After we graduated in 1967, we both went off to college. I went to Valparaiso in the mid-west and don't remember where Eddie went but I believe it was somewhere in the northeast. 1967 was the year the “60's” political unrest was really beginning to hit the colleges. I was initially involved in the Civil Rights movement but ended up getting even more involved in the anti-war movement. This was not a popular stance at my college at the time. I also was involved with the political left, organizations like the SDS. It was the year Eugene McCarthy and Bobby Kennedy, among others, were running for the Democratic Presidential nomination. I was reading books on politics, philosophy, black leaders, and Vietnam. When I returned home for the summer I was tightly tied into the leftist political movements.

That summer Eddie and I hung out a lot together again. Most of my high school friends were not interested in or involved with the same things I was. I had even dropped sports. It felt like I no longer had a lot in common with many of them. It wasn't that we were at odds, we weren't. We were still friends it was just that I was into other things. But with Eddie, it was like old times. That stuff just did not seem to matter. We were still close. He was still my best friend.

After that summer my life changed and I pretty much left the east coast for good. I lost touch with most of my friends from high school. I did keep in touch with Eddie but did not get back much for visits. Neither of us wrote and I don't remember calling – in those days long distance phone calls were expensive. But when I did get back East I would always hook up with Eddie.

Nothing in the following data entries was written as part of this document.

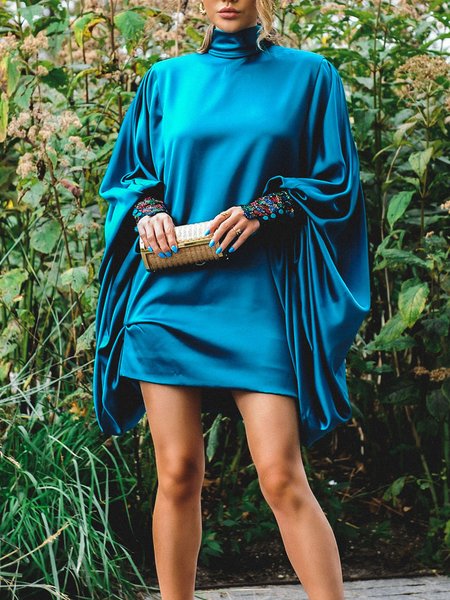 

Lantern Sleeve Plain Turtleneck Mini Dress Wedding, Blue, Mini Dresses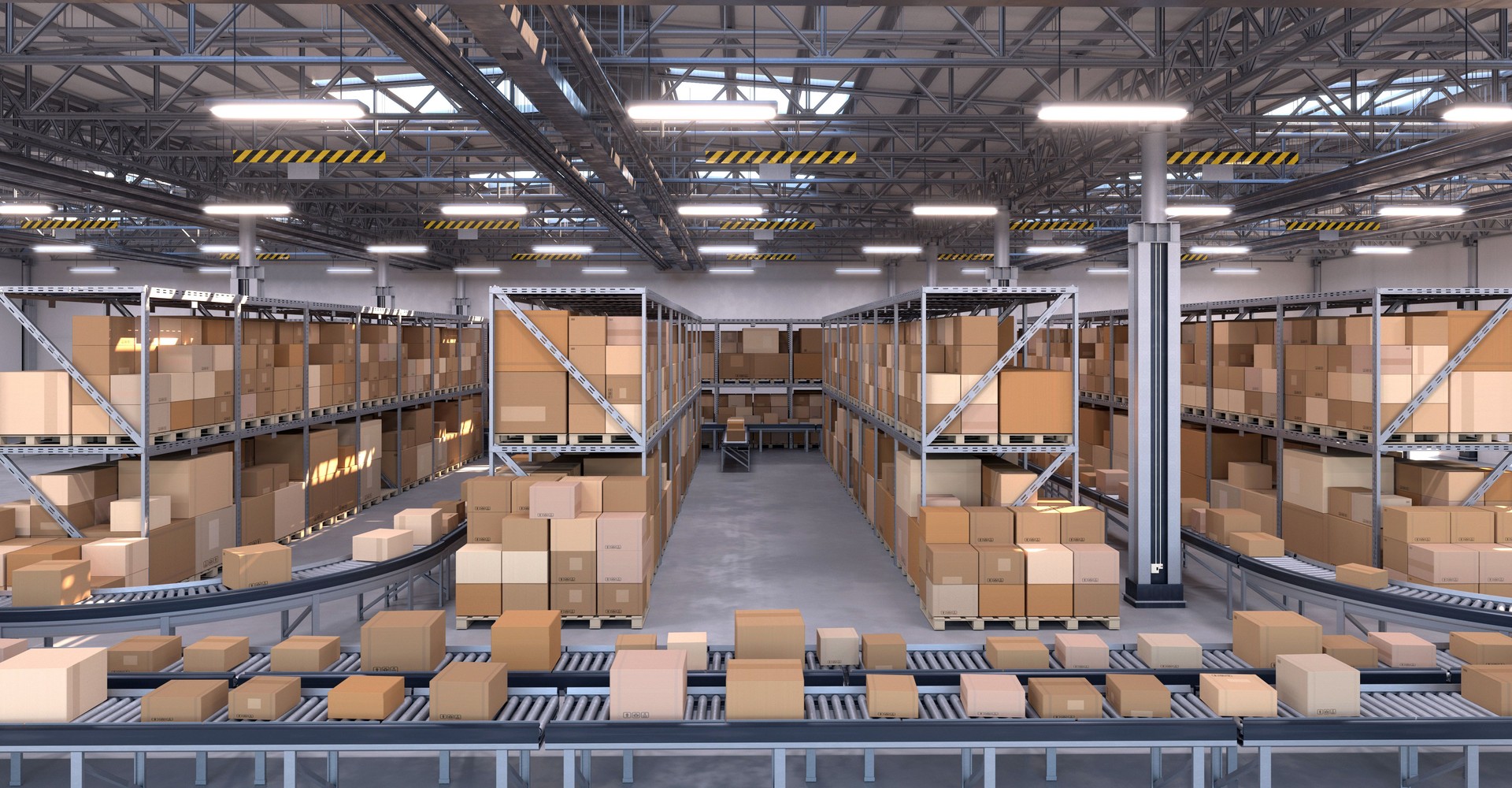 Large distribution warehouse full of shipping boxes on conveyor belts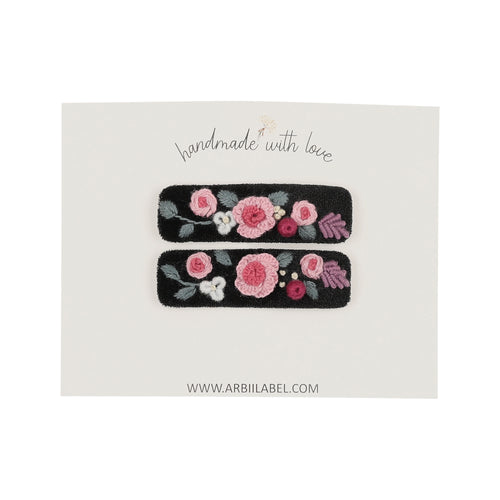 Black Velvet Embroidered Clips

I hadn't seen Eddie in a few years when I got a call from my mother one day. She told me Eddie had died, hung himself. I was stunned. I felt a deep loss. It was the first time I grieved someone's death. Since I had not been in touch the last couple of years I really did not know what happened, not that it really matters. He was gone. I wish I had been there for him, but I was living in San Francisco, 3000 miles away.

The last time I saw Eddie I remember talking about some current comedians – Richard Pryor, Eddie Murphy, Steven Wright, and possibly our favorite, Andy Kaufman. I still miss Eddie, I still feel that hole. I have many fond memories of Eddie. What I remember most though, is all the laughing we did. To this day when I laugh really hard, the kind of laugh that brings tears to my eyes, I think of Eddie.